*** Available records Section Begins ***

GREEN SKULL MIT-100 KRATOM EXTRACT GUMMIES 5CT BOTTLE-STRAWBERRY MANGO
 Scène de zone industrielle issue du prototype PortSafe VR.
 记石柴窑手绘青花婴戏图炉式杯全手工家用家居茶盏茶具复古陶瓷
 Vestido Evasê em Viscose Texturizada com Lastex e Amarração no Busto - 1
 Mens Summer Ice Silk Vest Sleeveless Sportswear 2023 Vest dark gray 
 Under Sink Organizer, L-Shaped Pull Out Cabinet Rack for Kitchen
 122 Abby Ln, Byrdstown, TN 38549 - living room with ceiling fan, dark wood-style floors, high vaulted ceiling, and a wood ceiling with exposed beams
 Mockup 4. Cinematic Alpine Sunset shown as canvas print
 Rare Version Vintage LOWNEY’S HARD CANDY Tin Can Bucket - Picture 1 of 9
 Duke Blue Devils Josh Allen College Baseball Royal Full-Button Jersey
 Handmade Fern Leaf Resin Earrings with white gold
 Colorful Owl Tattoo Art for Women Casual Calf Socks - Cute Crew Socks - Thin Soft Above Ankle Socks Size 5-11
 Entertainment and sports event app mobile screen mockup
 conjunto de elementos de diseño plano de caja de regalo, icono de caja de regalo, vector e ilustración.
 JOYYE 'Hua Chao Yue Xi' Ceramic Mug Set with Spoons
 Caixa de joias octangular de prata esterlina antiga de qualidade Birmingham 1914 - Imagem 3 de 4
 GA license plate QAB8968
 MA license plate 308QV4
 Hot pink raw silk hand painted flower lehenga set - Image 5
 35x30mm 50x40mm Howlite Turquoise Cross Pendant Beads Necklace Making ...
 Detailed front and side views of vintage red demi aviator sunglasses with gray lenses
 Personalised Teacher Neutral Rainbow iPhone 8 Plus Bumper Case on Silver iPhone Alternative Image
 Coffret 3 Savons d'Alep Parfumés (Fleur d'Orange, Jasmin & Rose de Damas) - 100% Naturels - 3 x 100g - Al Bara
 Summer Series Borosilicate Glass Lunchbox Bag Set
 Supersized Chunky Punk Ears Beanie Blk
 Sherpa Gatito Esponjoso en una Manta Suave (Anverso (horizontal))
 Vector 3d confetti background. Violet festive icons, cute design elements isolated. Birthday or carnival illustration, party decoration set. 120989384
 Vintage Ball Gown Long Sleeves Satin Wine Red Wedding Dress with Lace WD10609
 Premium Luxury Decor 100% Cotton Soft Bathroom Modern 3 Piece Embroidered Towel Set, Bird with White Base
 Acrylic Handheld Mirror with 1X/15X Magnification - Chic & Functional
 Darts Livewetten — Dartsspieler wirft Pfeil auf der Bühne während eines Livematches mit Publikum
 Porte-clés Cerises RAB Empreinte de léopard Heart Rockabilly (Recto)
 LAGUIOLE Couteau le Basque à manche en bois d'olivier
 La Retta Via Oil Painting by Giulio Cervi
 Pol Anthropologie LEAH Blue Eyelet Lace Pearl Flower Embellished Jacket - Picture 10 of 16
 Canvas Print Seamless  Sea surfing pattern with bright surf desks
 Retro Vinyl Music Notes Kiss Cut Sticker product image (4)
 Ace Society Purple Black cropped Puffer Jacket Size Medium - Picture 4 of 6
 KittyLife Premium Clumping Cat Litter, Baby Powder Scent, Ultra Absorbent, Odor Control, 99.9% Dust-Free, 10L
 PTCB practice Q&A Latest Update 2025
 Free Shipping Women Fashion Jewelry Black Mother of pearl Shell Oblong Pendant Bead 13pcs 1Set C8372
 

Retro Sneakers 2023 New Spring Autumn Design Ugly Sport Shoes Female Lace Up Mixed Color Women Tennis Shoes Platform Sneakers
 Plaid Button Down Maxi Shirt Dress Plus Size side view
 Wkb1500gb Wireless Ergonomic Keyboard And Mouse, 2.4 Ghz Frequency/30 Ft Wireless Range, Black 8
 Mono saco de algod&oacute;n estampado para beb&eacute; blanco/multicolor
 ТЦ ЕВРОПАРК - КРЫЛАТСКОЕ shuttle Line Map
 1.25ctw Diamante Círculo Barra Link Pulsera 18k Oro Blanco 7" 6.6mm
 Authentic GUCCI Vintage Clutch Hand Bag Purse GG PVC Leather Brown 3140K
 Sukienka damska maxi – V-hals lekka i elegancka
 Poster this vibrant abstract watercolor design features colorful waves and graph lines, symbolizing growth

*** Available records Section Ends ***

▸ Exercise aim
Beginning at the line above that contains "Detailed front and", return each line exactly through the line that contains "Sherpa Gatito Esponjoso", and no others.

▸ Output below
 Detailed front and side views of vintage red demi aviator sunglasses with gray lenses
 Personalised Teacher Neutral Rainbow iPhone 8 Plus Bumper Case on Silver iPhone Alternative Image
 Coffret 3 Savons d'Alep Parfumés (Fleur d'Orange, Jasmin & Rose de Damas) - 100% Naturels - 3 x 100g - Al Bara
 Summer Series Borosilicate Glass Lunchbox Bag Set
 Supersized Chunky Punk Ears Beanie Blk
 Sherpa Gatito Esponjoso en una Manta Suave (Anverso (horizontal))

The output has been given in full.